There are many types of removable braces. As the name suggests the brace can be removed for cleaning and in other circumstances but it is important that it is worn at all times that your dentist advises.
Also called “invisible braces,” aligners are made from clear BPA-free plastic. A series of aligners are custom made and each one is worn for two weeks. The aligners should be worn all the time, except for eating and cleaning. Treatment can be started only after all the baby teeth have fallen out and usually takes between six and eighteen months to complete. They are popular with patients who dislike the appearance of traditional braces.
This removable appliance has nickel-titanium coil springs which power aligner bow wires which rest on the inner and outer aspects of the front teeth. This produces gentle forces which act over a long range of movement to guide the teeth into their new position more quickly than other methods. It can be used to correct mild to moderate orthodontic problems for front teeth only and treatment usually takes between 6 and 18 weeks.
Primary teeth maintain the spaces into which the permanent teeth will erupt. If baby teeth are lost too early other teeth may tilt into or take up the vacant space, forcing permanent teeth to come in crooked. A space maintainer can be fitted immediately after a tooth is extracted to ensure that the space is kept until the new permanent tooth comes through. It may be fixed to the teeth or removable.
Correction of Cross Bites
When upper teeth are behind or inside the corresponding lower teeth in the bite it is called a crossbite. It is better to correct crossbites at an earlier stage they can cause chewing problems or damage to the teeth.
To a correct a crossbite of one or two upper teeth, a removable appliance with a spring which pushes the tooth forwards is often used.
Where back teeth are in crossbite, a palatal expander may be used. This brace contains a screw in the centre of the palate which is turned slightly once or twice a day to gently widen the arch of the upper jaw until the teeth are in the correct position.
Habit Breaker Appliance
This can be used for children have a persistent thumb or finger sucking habit after other methods of stopping the habit have already been tried. The appliance is fixed to the back teeth and has a blunt wire which sits behind the upper front teeth. With the habit breaker in place, attempting to suck the thumb becomes uncomfortable thus discouraging the habit. It also prevents any suction force being placed on the teeth.

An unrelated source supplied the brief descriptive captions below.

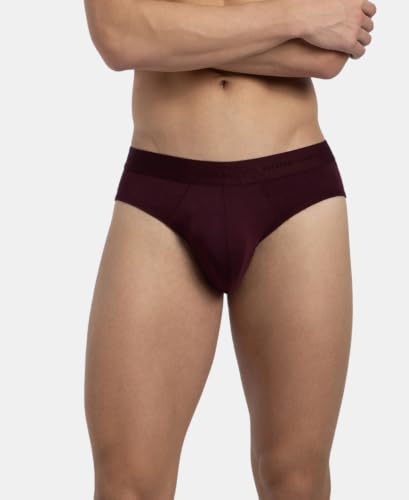 Image of Jockey IC24 Men Tencel Micro Modal Cotton Elastane Stretch Solid Brief with Natural StayFresh Properties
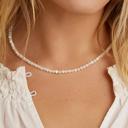  Natural Gemstone Dainty Minimalist Crystal Layering Stacking Choker Necklaces Delicate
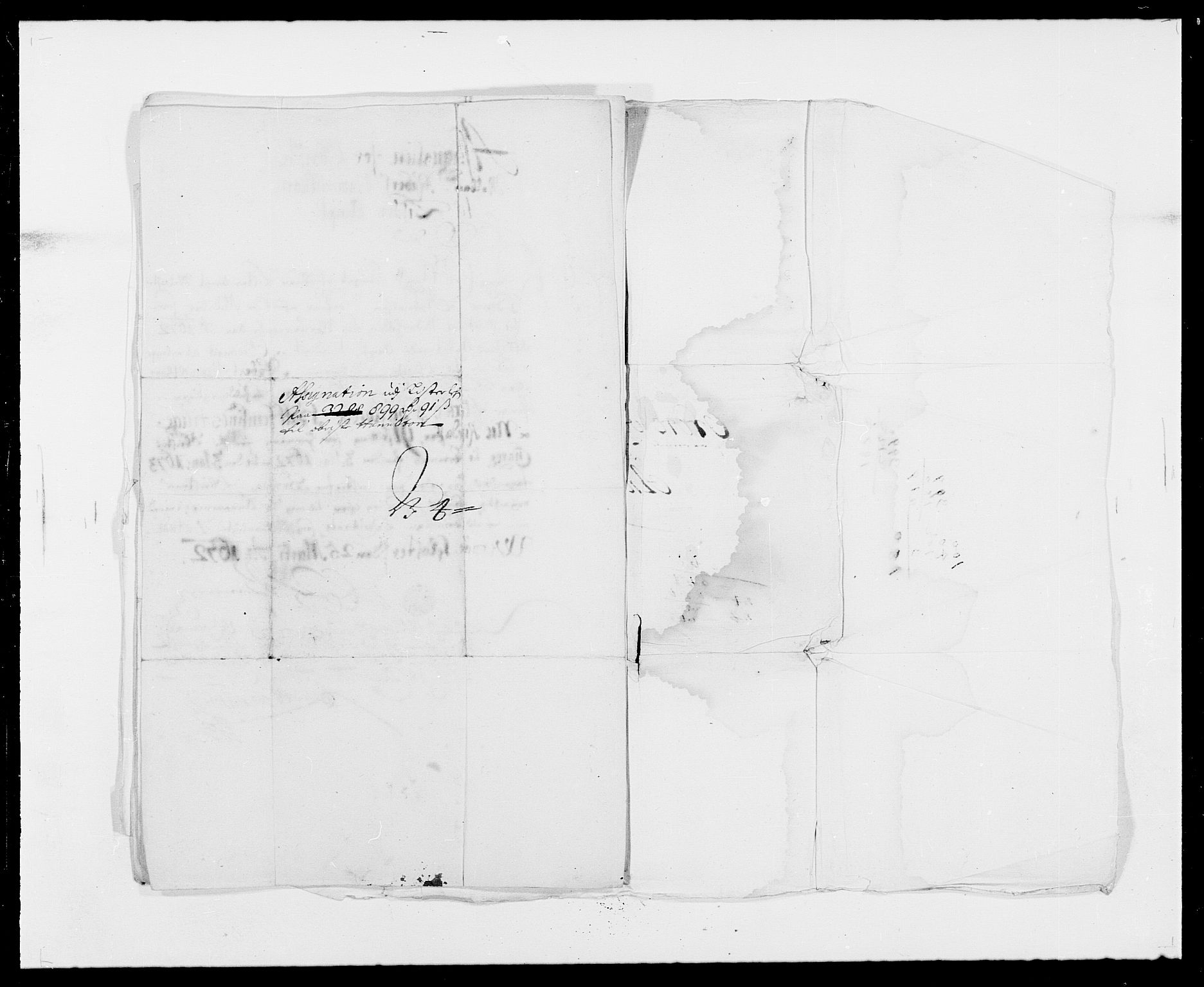Rentekammeret inntil 1814, Reviderte regnskaper, Fogderegnskap, AV/RA-EA-4092/R41/L2526: Fogderegnskap Lista, 1672, s. 154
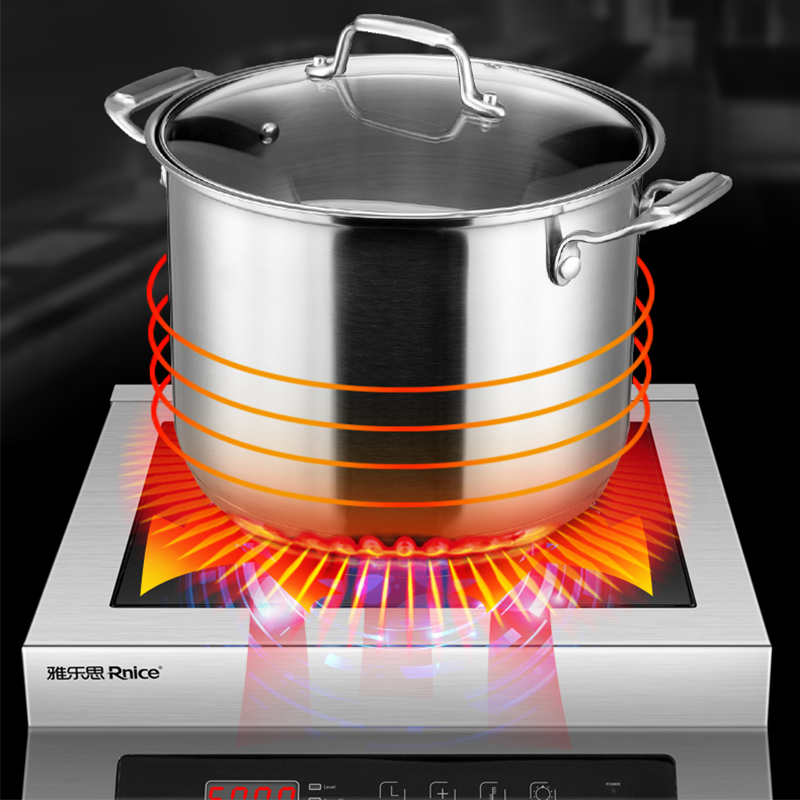 雅乐思rnice商用5000w电磁炉rtc5005a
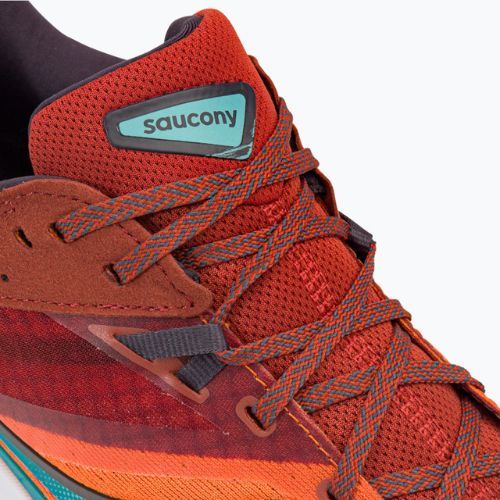 Buty do biegania męskie Saucony Ride 16 marigold/lava
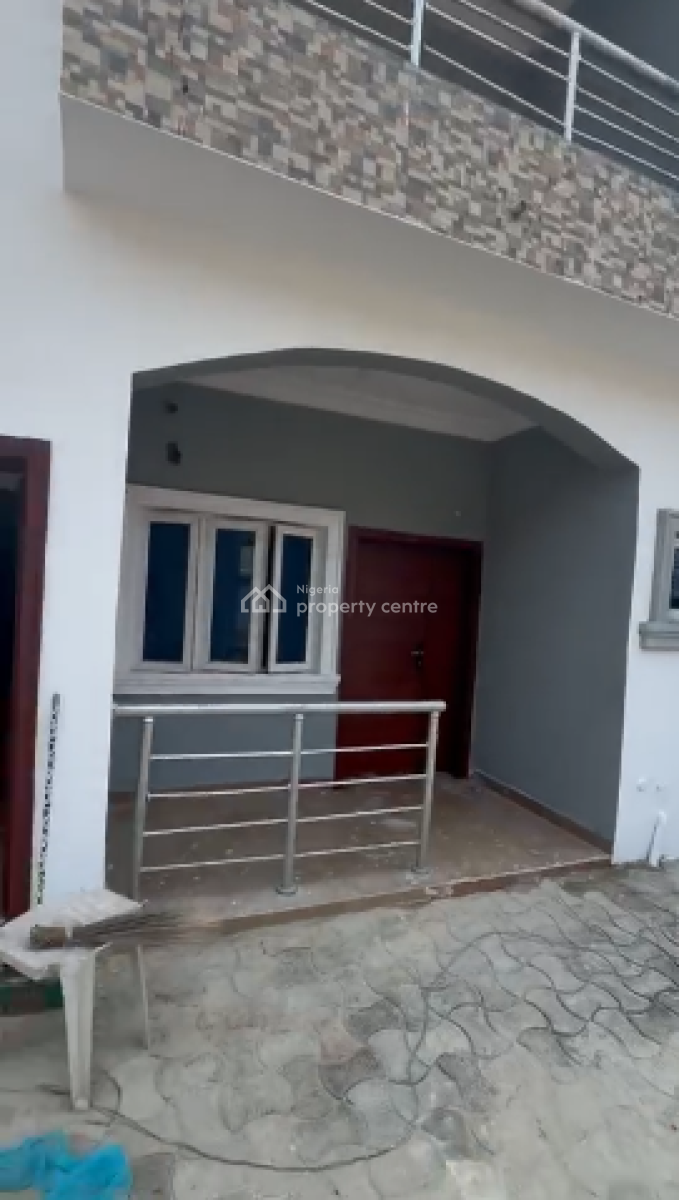 Spacious 3 Bedroom with Balcony, Alpha Beach Road Opposite Chevron, Lekki Phase 2, Lekki, Lagos, House for Rent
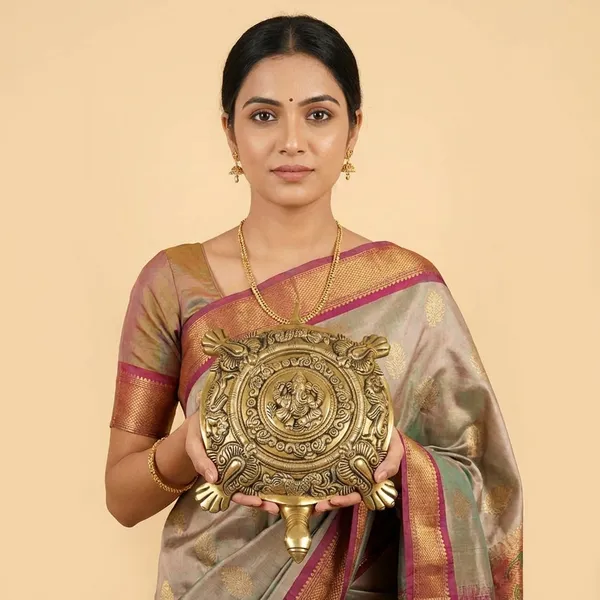 Gold_Brass_Spiritual_Showpiece_For_Home_Decor,_Vastu_Decor,_Office_Desk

Also called Functional Appliances, these types of brace are used when the upper teeth further forward than normal in relation to the lower teeth. They are best used prior to or during the adolescent growth spurt, which typically occurs around 11-14 years in boys and 10-13 years in girls. Functional appliances can help correct the growth of the jaws by utilizing the power of the jaw muscles. This may avoid the need for extractions and more complex treatment when the child is older. They are worn for at least 9 to 12 months may be fixed or removable.
Orthognathic Treatment (Jaw Surgery)
For those who have a large discrepancy in the size or position of the jaw bones, treatment with braces alone will not be able to correct the bite. In these cases, surgery is required in combination with orthodontics.